Why Do My License Audits Show A Significant Size Reduction?

Posted July 24, 2015 by nunziato

Three 3D arrows, different colors pointing in different directions

When you run a database audit, you may notice that your Vertica audit size has reduced from the audit size calculated before you upgraded to version 7.1 SP2. Don’t worry, you haven’t lost any data. The size reduction is due to storage changes related to licensing.

Vertica computes the effective size of the database based on the export size of the data.

  • Prior to Release 7.1 SP2, Vertica calculated the effective size of the database by computing the character width of each column value and adding a 1-byte cost for a delimiter. The delimiter cost is most noticeable with short values (for example, single digit integers), notably nulls which are 0 width without the separator.
  • As of Release 7.1 SP2, Vertica no longer counts a 1-byte delimiter value in the effective size of the database. The Vertica audit license size is now based on the data width alone.

Vertica audit size may be greatly reduced from the previous version audit size because Vertica no longer adds a 1-byte value to account for each delimiter. Under the new sizing rules, null values are free.

In addition, as a result of the change, compression ratios show less compression than previous versions.

You can find detailed information on how Vertica calculates database size in the Calculating the Database Size section of the Administrator’s Guide.

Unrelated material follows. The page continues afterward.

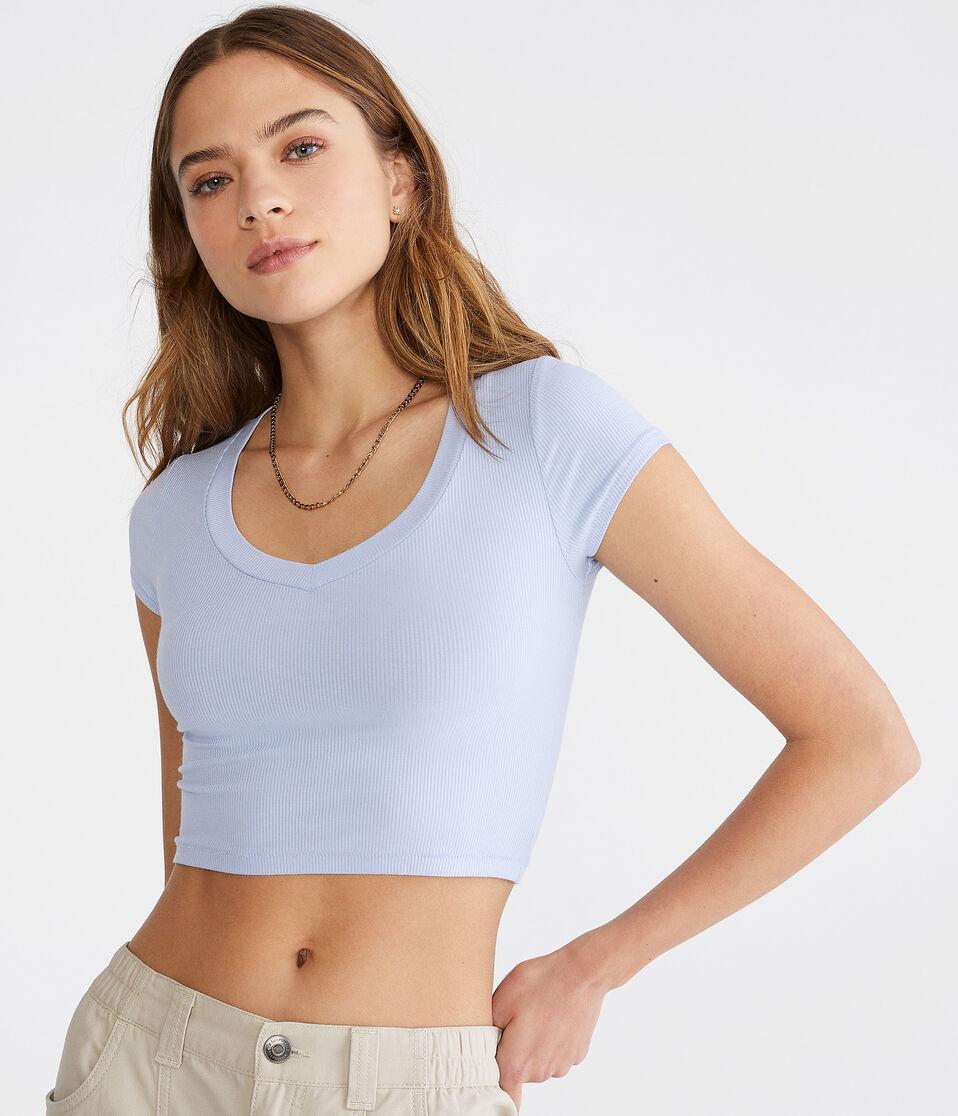 aéropostale Seriously Soft Ribbed V-Neck Baby Tee blue tint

What if I’m Still Seeing Discrepancies?

If you are seeing audit discrepancies that can’t be accounted for by Vertica not counting separator characters, consider the following:

  • AUDIT uses a random sampling mechanism. Expect some variation when performing audits, especially if you have, for example, wide VARCHAR columns.
  • The data audit size is not the same as your actual database size. Your actual database size includes the data excluded from the audit. If you compute your compression ratio by dividing the audit size of your database by the physical size of the database, add the separators back in for an accurate computation.